Поэтому мне представляется единственно правильным принцип равной наказуемости интеллектуальных и физических виновников, причем выбор мер ответственности должен зависеть от обстоятельств дела.

187. Ответственность всех соучастников определяется по тому пре­ступному деянию, в которое они вложились и которое было действительно выполнено; деятельность исполнителя, со всеми условиями и обстоятель­ствами, к ней относящимися, определяет ответственность всех участ­ников; если же к этой деятельности привходят какие-либо новые элемен­ты, видоизменяющие ответственность и не входившие в соглашение, то вопрос о влиянии этих условий на наказуемость прочих участников определяется по вышеуказанным началам относительно эксцессов испол­нителей.
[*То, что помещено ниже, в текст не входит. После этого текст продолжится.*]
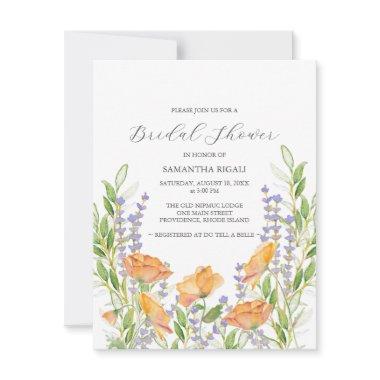 Watercolor Wildflower Bridal Shower Invitations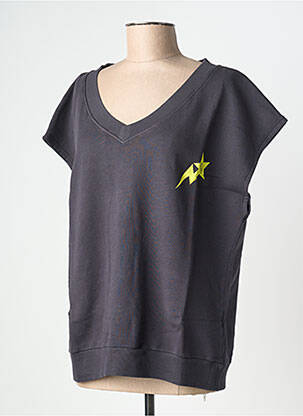 Sweat-shirt stretch manches courtes gris NINE TEES femme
Таким образом, суд должен определить прежде всего, какого наказания заслуживает деяние, учиненное исполнителями, затем обсудит вопрос о том, нет ли в их деятельности таких условий, которые по отношению к другим соучастникам, имеют характер эксцессов, не подлежащих вмене­нию, затем, опираясь на выбранную меру ответственности за данное дея­ние, определить размер наказания для каждого из участников, смотря по мере его вины.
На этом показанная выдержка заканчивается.